Proviral Integration site for Moloney murine leukemia virus 1 (Pim-1) promotes lung fibroblast premature senescence. A: non-idiopathic pulmonary fibrosis (IPF) adult lung fibroblasts were infected with control lentiviral vector or lentiviral vector carrying the human PIM1 gene. Total protein was isolated in three independent Western blot experiments. Representative images are shown and band density was quantified (**P < 0.01 vs. the Lenti-Control group). B: Lenti-Control and Lenti-PIM1 expressing cells were treated for 3 h or 24 h with 3 µM TCS before total protein isolation and Western blot analysis. Representative images are shown and band density for three independent experiments was quantified (**P < 0.01, ***P < 0.001 vs. the indicated group). C and E: qPCR analysis from three independent experiments comparing gene expression between Lenti-Control and Lenti-PIM1 fibroblasts (*P < 0.05, **P < 0.01, ***P < 0.001 vs. the Lenti-Control group).

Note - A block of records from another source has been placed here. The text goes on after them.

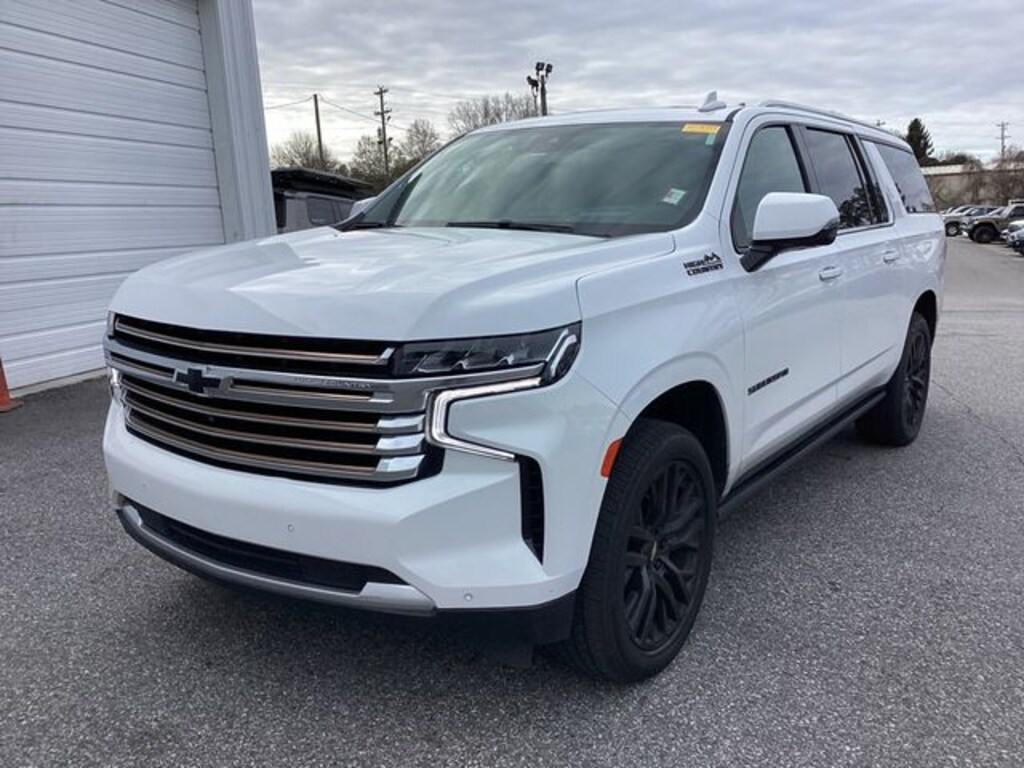Used 2023 Chevrolet Suburban High Country SUV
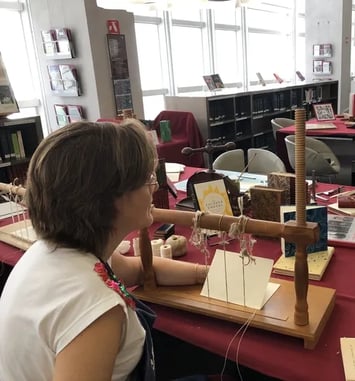 Démonstration de reliure par l'atelier "Au livre ouvert"
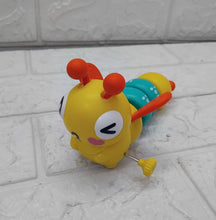 Wiggle Wings Animated Bee Clockwork Spring Plush Toy (1 Piece)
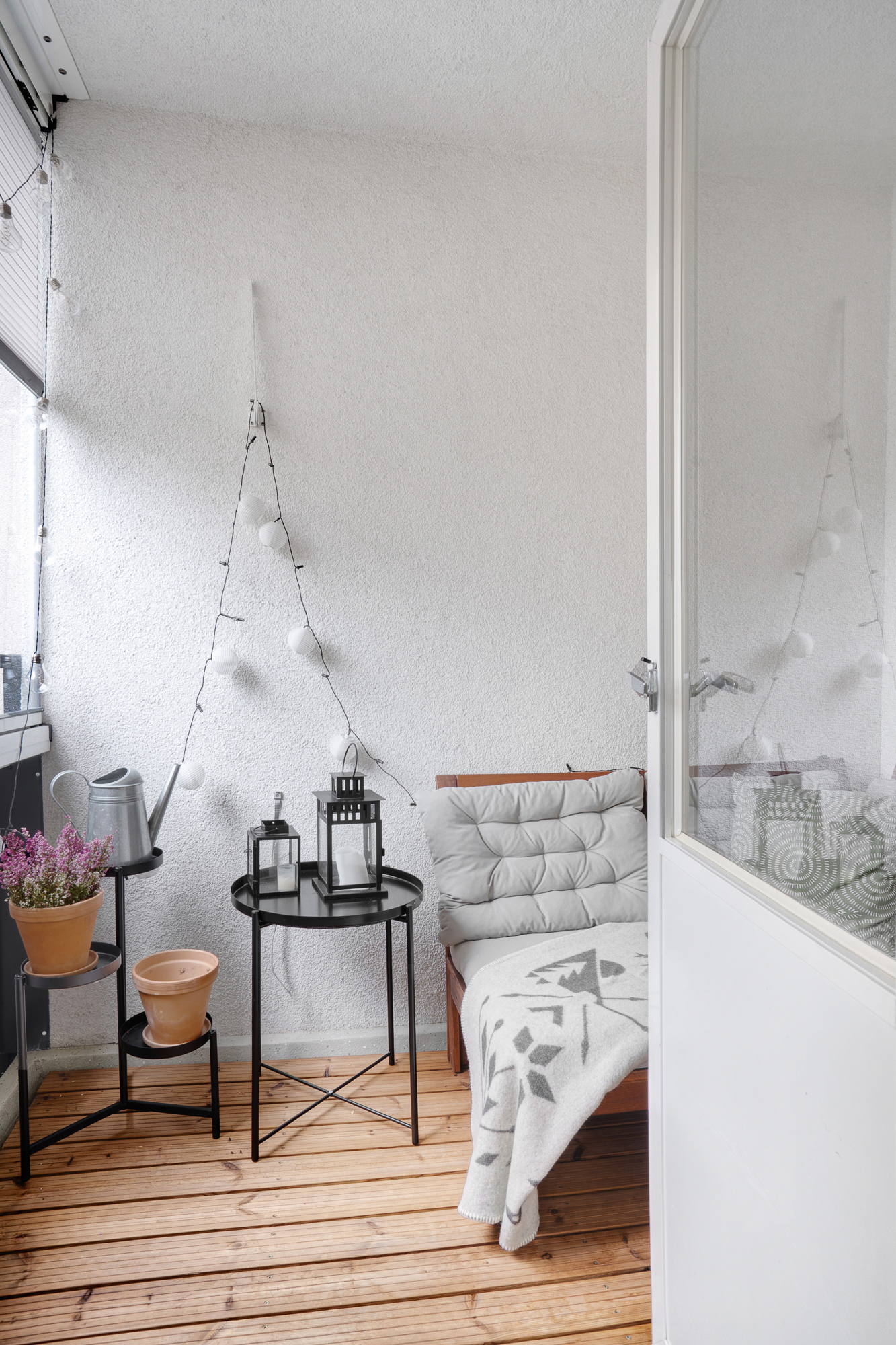 suojaisa tunnelmallinen parveke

D: Lenti-Control and Lenti-PIM1 expressing fibroblasts were cultured for 0 and 4 days and then stained for DAPI and quantified using automated imaging software. Representative images are shown for the number of DAPI objects (nuclei) on day 4. Quantification of three independent experiments plots the number of cells in each field of view, for each cell line, relative to the number of cells in each field of view immediately after the cells attached (day 0) (*P < 0.05 vs. the Lenti-Control group). The scale bar represents 200 µm. F: senescence-associated β-galactosidase (SA-β-gal) staining comparing Lenti-Control vs. Lenti-PIM1 lung fibroblasts as they progress through cell culture passages 4–8. Representative images comparing fibroblasts at passage 8. Data are automated quantification of SA-β-gal positive cells relative to the total number of cells in each field of view from three independent experiments (*P < 0.05, ****P < 0.0001 vs. the Lenti-Control group). Scale bar represents 100 µm.